Blasco Ibáñez llegará al mar, “es irrenunciable”

Alfonso Novo: “La división del tripartito pone en riesgo posibles inversiones en el cabanyalVista del barrio del Cabanyal de Valencia

No cabe otra idea para el equipo de Barberá: Blasco Ibáñez llegará hasta el mar a través del Cabanyal. Es un proyecto “irrenunciable”. Es la afirmación que ha sostenido la alcaldesa de Valencia este martes, saliendo al paso de las críticas y posturas contrarias que han continuado dándose esta semana de oposición y vecinos.

Aunque se trata de una lucha antigua, persiste viva por ambas partes, a favor y en contra de la prolongación.
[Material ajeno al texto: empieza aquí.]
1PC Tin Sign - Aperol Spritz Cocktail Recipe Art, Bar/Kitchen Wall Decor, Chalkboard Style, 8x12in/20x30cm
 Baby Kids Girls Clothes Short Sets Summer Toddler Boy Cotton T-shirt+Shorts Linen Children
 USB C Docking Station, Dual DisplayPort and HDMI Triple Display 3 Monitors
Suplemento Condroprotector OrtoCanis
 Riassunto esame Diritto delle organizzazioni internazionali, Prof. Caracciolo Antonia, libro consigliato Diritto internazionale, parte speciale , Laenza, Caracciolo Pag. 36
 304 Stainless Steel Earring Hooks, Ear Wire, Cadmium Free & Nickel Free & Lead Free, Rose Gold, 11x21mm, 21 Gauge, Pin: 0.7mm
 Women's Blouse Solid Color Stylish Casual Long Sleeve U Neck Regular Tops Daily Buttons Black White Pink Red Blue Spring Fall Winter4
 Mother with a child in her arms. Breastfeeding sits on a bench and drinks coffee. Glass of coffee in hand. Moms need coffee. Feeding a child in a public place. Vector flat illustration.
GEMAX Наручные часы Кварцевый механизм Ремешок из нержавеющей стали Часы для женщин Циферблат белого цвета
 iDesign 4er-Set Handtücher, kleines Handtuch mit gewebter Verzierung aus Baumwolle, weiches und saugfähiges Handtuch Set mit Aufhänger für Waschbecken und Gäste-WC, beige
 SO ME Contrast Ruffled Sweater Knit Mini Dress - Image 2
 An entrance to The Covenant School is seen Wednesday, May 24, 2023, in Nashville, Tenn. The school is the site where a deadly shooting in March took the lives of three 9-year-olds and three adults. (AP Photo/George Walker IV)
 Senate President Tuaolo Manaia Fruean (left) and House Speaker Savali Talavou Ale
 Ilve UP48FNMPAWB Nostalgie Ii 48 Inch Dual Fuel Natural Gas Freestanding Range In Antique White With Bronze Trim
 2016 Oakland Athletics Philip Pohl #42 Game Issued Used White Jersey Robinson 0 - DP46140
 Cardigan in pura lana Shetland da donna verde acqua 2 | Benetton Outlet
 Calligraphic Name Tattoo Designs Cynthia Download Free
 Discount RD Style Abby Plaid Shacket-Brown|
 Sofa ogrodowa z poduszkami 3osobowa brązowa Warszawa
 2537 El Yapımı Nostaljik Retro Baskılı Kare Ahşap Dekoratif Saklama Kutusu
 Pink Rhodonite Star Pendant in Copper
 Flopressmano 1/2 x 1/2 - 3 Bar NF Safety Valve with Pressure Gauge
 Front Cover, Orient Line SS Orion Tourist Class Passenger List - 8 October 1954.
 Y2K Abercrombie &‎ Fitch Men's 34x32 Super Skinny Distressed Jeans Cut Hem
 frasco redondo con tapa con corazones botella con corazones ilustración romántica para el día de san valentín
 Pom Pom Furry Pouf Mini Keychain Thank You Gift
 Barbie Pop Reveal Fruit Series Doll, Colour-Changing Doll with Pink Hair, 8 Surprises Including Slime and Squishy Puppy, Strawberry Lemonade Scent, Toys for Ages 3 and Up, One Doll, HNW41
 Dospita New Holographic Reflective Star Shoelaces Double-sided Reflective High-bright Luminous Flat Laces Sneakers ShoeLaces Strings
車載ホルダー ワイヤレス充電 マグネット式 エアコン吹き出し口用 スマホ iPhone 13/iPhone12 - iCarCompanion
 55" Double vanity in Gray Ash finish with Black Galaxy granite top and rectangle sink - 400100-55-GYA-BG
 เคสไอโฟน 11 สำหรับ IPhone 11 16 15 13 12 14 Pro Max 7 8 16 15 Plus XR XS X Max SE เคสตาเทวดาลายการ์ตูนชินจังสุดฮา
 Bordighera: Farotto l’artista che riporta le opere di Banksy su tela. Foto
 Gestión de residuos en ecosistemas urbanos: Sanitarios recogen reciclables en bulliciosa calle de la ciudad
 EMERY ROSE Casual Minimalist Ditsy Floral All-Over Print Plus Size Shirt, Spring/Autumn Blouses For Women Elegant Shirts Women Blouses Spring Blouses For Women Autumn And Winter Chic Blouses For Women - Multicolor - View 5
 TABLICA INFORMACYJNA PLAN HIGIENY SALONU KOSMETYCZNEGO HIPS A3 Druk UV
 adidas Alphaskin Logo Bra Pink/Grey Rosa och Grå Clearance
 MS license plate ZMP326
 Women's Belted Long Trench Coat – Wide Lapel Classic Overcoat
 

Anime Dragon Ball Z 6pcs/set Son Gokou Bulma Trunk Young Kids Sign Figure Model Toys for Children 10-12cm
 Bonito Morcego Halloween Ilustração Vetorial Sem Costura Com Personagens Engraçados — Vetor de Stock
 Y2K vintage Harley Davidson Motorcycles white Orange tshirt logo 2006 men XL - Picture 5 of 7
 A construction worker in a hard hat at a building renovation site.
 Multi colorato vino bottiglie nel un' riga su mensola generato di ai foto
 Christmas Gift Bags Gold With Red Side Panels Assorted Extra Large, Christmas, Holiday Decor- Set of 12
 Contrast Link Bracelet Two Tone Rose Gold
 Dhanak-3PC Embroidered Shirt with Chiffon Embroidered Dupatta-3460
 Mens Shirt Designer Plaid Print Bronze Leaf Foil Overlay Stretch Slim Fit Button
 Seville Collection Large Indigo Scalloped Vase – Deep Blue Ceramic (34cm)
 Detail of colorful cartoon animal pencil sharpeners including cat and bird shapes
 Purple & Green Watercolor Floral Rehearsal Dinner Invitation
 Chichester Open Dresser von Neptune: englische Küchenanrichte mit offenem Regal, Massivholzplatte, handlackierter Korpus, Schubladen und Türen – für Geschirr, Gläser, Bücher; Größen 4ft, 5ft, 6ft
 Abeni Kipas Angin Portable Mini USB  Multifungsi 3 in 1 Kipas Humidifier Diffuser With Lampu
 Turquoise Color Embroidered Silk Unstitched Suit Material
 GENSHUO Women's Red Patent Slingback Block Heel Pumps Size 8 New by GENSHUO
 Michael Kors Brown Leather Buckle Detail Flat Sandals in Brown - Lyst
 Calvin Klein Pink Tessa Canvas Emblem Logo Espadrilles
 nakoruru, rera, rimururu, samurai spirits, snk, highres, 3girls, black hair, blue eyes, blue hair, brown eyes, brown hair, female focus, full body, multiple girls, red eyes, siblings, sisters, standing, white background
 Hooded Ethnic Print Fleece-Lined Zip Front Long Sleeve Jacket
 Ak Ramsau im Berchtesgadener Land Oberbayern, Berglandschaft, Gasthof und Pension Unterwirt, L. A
Un día después de que la plataforma Salvem y la asociación de vecinos de la zona informaran tras una reunión con el vicealcalde, Alfonso Grau, de que dan por zanjadas las posibilidades de diálogo con el Consistorio y que perseguían, Rita Barberá incide: “el proyecto de El Cabanyal es el aprobado en el Ayuntamiento”. Se trata del Plan Especial de Protección y Reforma Interior (Pepri) del Cabanyal-Canyamelar, y que, por tanto, “la prolongación es irrenunciable”.

Aprovechó la primera edil la presentación del Plan de Telefónica de despliegue de fibra óptica en la Comunitat para retomar la cuestión al ser preguntada por los medios, interesados por el envío de la propuesta al Ministerio de Cultura.

La Comisión Bilateral de Cooperación Administración General del Estado-Generalitat ratificó el acuerdo adoptado en octubre por el Consejo de Ministros, en el que decidió retirar el recurso de inconstitucionalidad presentado por el Ejecutivo central bajo mandato socialista contra el decreto-ley 1/2010 y la Ley 2/2010, que la Generalitat dictó tras la aprobación de la orden de Cultura que paralizó el Pepri y por tanto los derribos previstos en él.

Esta decisión se producía porque, a su vez, la administración autonómica se comprometía a derogar esa ley, con lo que quedaba en vigor la orden ministerial. Entonces, Generalitat y Ayuntamiento acordaron estudiar las fórmulas necesarias para adaptar el Pepri a esa orden garantizando la protección de los valores históricos del Cabanyal.

Barberá ha remarcado que el proyecto del PP ha pasado todos los trámites administrativos, por doce sentencias favorables, nueve del Tribunal Superior de Justicia de la Comunitat Valenciana (TSJCV) y tres del Tribunal Supremo (TS), y que, “en una extralimitación intolerable, el Gobierno anterior decidió suspender con una orden ministerial”.

Barberá sostiene que esa “orden ministerial es perfectamente modificable por una razón fundamental, si una ley aprobada en el Congreso fue modificada por decreto, la ley del Plan Hidrológico Nacional, fíjense ustedes si es posible o no modificar una orden ministerial”. En este sentido, dice, “la prueba es que cada vez que el Gobierno socialista ha llegado, ha cambiado la ley de educación por ejemplo. A ver si un gobierno tiene obligatoriamente que gobernar con alguna norma anterior, no”.

“Por lo tanto, lo que estamos trabajando es en modificar, dentro de la menor alteración posible, esa orden ministerial y se está trabajando con el mismo proyecto”, explicó la alcaldesa.

Por su parte, Joan Calabuig “ha lamentado” como portavoz socialista que  Barberá “mantenga su obstinación por mantener un plan que dos Gobiernos de distinto color político le han ordenado que abandone”. E indicó que el Consejo de Ministros del pasado 31 de octubre “abría un nuevo escenario al dejar claro que la orden ministerial cumplía todos los procedimientos y se enmarcaba dentro de las competencias del Estado, por lo que está plenamente vigente”.

En esta línea, ha pedido a la alcaldesa que “rectifique, deje de paralizar el barrio y hacer sufrir a los vecinos y vecinas. Tiene que acabarse ya la degradación del Cabanyal” y que el equipo de Gobierno “proceda inmediatamente a retirar la circular municipal que paraliza licencias”. Según Calabuig, la solución del barrio “llegará en 13 meses”, confiando en una victoria en las urnas del PSPV.

Por otro lado, el concejal de EU Amadeu Sanchis ha mostrado su “estupefacción ante el resultado de la reunión mantenida entre la Asociación de Vecinos del Cabanyal y la plataforma Salvem el Cabanyal”. Desde su formación, dijo, “entendemos que, precisamente después de tantos años de parálisis del barrio y de tanto polémica que ha derivado en una confrontación de posiciones, lo más razonables es comenzar a restañar heridas a través de un proceso en el que participen la totalidad de los actores implicados”.